**Caption-style text data**.
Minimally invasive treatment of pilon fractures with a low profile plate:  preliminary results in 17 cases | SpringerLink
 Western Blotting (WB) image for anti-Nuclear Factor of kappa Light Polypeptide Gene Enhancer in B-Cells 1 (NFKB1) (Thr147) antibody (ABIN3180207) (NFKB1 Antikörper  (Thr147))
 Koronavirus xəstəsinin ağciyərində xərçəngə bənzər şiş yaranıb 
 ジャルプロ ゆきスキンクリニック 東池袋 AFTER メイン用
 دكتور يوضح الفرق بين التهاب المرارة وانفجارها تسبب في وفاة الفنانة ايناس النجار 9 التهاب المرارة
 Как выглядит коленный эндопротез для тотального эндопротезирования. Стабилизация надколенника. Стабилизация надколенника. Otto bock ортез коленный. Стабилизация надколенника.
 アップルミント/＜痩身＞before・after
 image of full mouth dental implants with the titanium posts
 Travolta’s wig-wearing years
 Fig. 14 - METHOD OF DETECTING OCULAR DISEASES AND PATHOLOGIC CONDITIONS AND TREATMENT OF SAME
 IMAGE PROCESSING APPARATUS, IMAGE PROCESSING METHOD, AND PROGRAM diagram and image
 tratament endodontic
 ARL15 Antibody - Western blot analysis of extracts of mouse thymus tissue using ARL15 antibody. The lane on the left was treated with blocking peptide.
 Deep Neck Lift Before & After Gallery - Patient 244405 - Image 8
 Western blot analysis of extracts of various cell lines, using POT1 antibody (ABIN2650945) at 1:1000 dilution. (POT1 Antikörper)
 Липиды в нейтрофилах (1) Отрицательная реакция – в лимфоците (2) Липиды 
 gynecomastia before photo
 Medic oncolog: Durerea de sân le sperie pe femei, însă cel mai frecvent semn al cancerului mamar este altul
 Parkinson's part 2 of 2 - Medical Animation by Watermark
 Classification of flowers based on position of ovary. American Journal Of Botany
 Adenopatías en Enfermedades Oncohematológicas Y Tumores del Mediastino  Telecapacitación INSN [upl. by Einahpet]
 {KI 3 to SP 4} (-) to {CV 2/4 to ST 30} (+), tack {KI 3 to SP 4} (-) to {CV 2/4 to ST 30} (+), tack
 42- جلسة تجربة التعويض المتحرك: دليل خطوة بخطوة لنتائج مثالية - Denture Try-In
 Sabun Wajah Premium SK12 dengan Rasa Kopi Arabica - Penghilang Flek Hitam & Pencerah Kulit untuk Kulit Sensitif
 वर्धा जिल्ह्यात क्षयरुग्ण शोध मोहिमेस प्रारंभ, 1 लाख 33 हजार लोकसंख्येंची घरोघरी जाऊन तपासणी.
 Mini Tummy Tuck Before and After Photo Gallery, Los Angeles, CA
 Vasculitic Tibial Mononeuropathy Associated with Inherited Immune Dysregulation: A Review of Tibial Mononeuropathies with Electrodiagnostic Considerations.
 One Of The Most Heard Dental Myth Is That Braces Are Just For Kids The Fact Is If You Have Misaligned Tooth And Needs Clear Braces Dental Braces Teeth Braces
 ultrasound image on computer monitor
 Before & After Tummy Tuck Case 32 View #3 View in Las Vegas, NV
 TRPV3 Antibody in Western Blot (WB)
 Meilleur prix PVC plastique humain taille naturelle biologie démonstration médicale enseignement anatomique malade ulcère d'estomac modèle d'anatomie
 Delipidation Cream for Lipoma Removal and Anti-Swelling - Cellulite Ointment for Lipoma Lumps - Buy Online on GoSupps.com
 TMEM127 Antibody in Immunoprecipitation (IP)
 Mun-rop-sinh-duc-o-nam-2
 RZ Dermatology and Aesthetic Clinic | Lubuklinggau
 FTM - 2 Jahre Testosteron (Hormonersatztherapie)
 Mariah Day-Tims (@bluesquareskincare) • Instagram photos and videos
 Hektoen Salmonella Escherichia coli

**EXERCISE DIRECTIONS**. Once you find the string "Tummy" in a line of the records, copy that line.

**ANSWER BOX**.
 Mini Tummy Tuck Before and After Photo Gallery, Los Angeles, CA
 Before & After Tummy Tuck Case 32 View #3 View in Las Vegas, NV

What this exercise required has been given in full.